The families in the Sheikh Jarrah neighborhood bought their land and built their homes, residing there for decades, following their expulsion from other parts of the country in 1948. But now eight Palestinian households face expulsion, part of several legal challenges from a U.S.-based settler organization that disputes who owns the land.
The Sheikh Jarrah protests mobilized young Palestinians. Youths from this neighborhood have grown up under the threat of displacement, and have taken the lead in the protest campaign. They used social media to provide around-the-clock reporting of every altercation and act of violence, connecting with Palestinian citizens of Israel to a degree we have not seen in recent years — see examples here, here and here.
Many Palestinians in Israel drove hours to join the sit-ins in Jerusalem, and residents of Sheikh Jarrah also joined the protests elsewhere. Protesters quickly organized solidarity marches in other Palestinian communities throughout Israel, despite police crackdowns. In one incident, protesters coordinated to close down the major highway between Tel Aviv and Jerusalem after Israeli police blocked citizens traveling to Jerusalem to pray in the al-Aqsa Mosque in solidarity.
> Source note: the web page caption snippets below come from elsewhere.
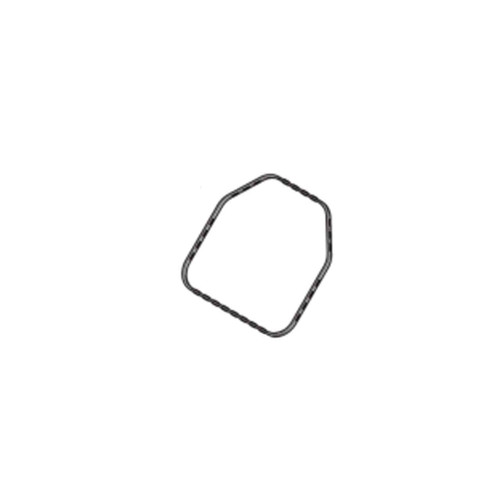 KOHLER 25 153 24S ORING (Authentic OEM Part)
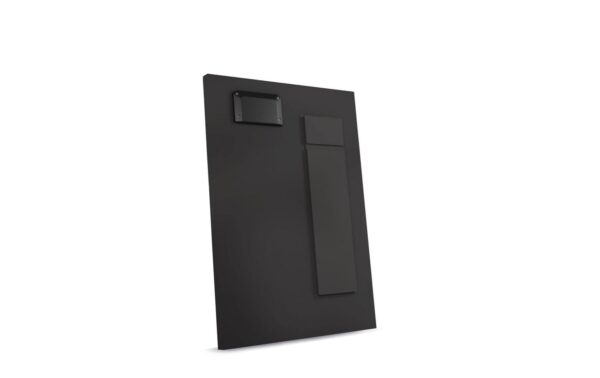 2246420_4 - Mediatech SunSlice Fusion 60 Monokristallin 60 W Schwarz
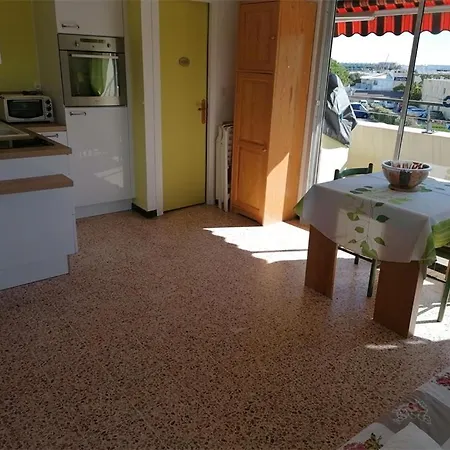 Agreable Direct Et Commerces شقة *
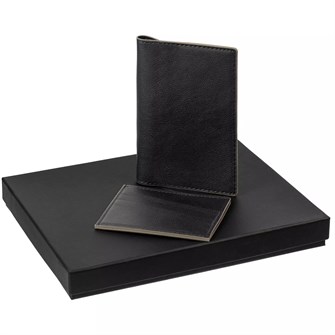 {{photo.Alt || photo.Description || 'Набор Petrus Mini, черный'}}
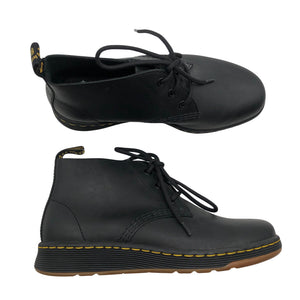 Unisex Dr. Martens - Nilkkurit, koko 38 -  (1)
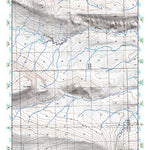 (69157a1) Page 033 Lookout Ridge - Central Preview 1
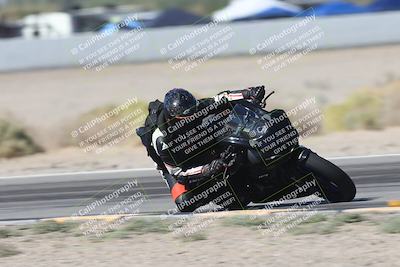 media/Oct-25-2025-Race Pace (Sat) [[47cce5476f]]/Verified/10-Turn 15 Inside Pans (145pm)/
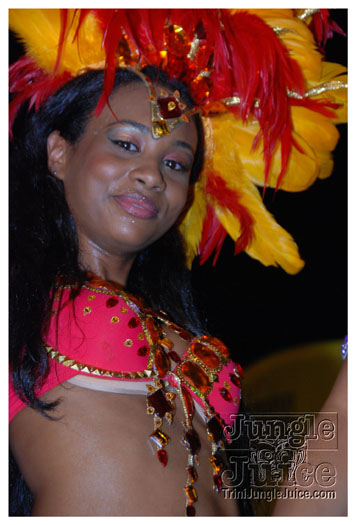 dream_team_band_launch_2010-129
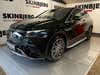 Mercedes EQE350 SUV AMG Line 4Matic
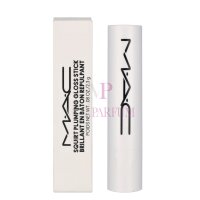 MAC Squirt Plumping Gloss Stick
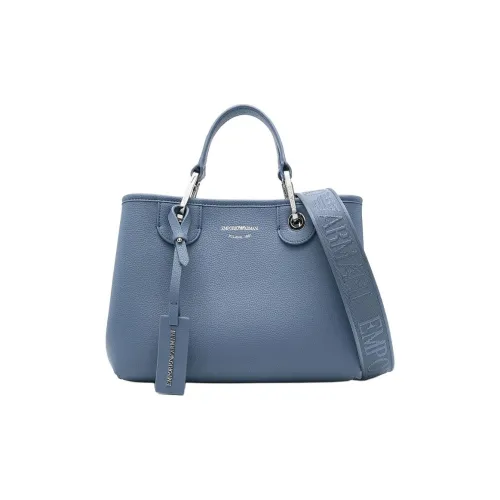 EMPORIO ARMANI Клатчи Женские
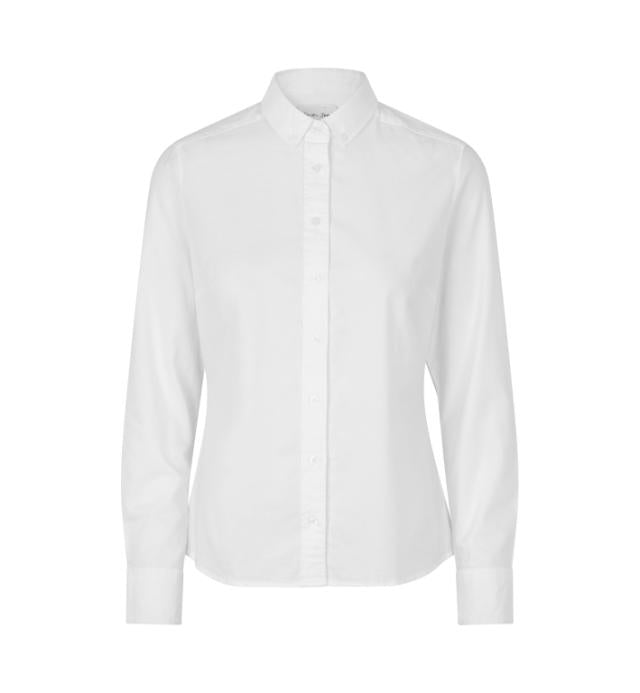 SEVEN SEAS Oxford | modern | donna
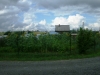/photos/23429.jpg?w=640&h=480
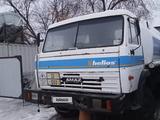 КамАЗ  53229-2 2006 годаfor4 400 000 тг. в Уральск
Holidays created a perfect storm
Israeli forces had initially banned Palestinians from congregating in public spaces — an unpopular move during the month of Ramadan, when Muslim Palestinians often meet in places like the Damascus Gate. The ban turned the Old City of Jerusalem into a daily battleground between Palestinians and Israeli police. Videos of security forces attacking Palestinian protesters, overturning food carts and arresting young people prompted more Palestinians to join the protests.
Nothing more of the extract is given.